> [EXERCISE] Transcribe verbatim every line from the line containing "Womens Metallic Fuchsia Long Sleeve Bodysuit" to the end of the entries, including both endpoints. Output nothing beyond those lines.

Extracted data entries:
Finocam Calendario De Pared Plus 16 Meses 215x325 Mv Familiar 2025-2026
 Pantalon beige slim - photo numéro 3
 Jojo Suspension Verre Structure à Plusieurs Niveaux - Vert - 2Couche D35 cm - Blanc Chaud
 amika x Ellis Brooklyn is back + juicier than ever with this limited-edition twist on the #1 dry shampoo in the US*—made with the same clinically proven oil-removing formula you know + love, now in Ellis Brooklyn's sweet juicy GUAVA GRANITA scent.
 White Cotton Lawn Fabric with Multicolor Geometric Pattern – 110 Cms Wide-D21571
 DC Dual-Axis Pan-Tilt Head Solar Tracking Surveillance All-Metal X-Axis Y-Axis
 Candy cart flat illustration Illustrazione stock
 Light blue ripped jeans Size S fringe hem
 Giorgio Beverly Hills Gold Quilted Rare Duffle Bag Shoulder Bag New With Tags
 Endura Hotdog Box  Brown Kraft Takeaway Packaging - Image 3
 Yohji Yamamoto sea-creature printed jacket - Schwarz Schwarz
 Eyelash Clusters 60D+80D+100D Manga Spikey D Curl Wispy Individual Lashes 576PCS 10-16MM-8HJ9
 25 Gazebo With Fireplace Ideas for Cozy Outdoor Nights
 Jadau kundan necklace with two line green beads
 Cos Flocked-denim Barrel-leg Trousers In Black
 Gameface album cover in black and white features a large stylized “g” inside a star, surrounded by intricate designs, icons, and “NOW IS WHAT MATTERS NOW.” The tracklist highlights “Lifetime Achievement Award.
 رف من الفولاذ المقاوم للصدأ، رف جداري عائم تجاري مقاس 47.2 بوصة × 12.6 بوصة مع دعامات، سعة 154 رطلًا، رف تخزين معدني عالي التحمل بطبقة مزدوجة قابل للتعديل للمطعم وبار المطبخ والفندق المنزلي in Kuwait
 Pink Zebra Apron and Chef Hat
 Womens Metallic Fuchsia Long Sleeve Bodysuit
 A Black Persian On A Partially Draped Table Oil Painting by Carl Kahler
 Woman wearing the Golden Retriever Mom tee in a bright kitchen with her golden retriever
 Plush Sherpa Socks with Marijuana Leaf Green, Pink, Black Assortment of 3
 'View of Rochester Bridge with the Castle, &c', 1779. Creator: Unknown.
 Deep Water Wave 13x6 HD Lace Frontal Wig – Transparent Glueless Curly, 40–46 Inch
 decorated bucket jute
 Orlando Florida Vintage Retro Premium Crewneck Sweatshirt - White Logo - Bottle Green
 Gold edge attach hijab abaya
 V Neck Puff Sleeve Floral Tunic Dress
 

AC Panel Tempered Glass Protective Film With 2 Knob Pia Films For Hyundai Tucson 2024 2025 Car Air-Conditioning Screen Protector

> [RESULT FOR THIS TASK]
 Womens Metallic Fuchsia Long Sleeve Bodysuit
 A Black Persian On A Partially Draped Table Oil Painting by Carl Kahler
 Woman wearing the Golden Retriever Mom tee in a bright kitchen with her golden retriever
 Plush Sherpa Socks with Marijuana Leaf Green, Pink, Black Assortment of 3
 'View of Rochester Bridge with the Castle, &c', 1779. Creator: Unknown.
 Deep Water Wave 13x6 HD Lace Frontal Wig – Transparent Glueless Curly, 40–46 Inch
 decorated bucket jute
 Orlando Florida Vintage Retro Premium Crewneck Sweatshirt - White Logo - Bottle Green
 Gold edge attach hijab abaya
 V Neck Puff Sleeve Floral Tunic Dress
 

AC Panel Tempered Glass Protective Film With 2 Knob Pia Films For Hyundai Tucson 2024 2025 Car Air-Conditioning Screen Protector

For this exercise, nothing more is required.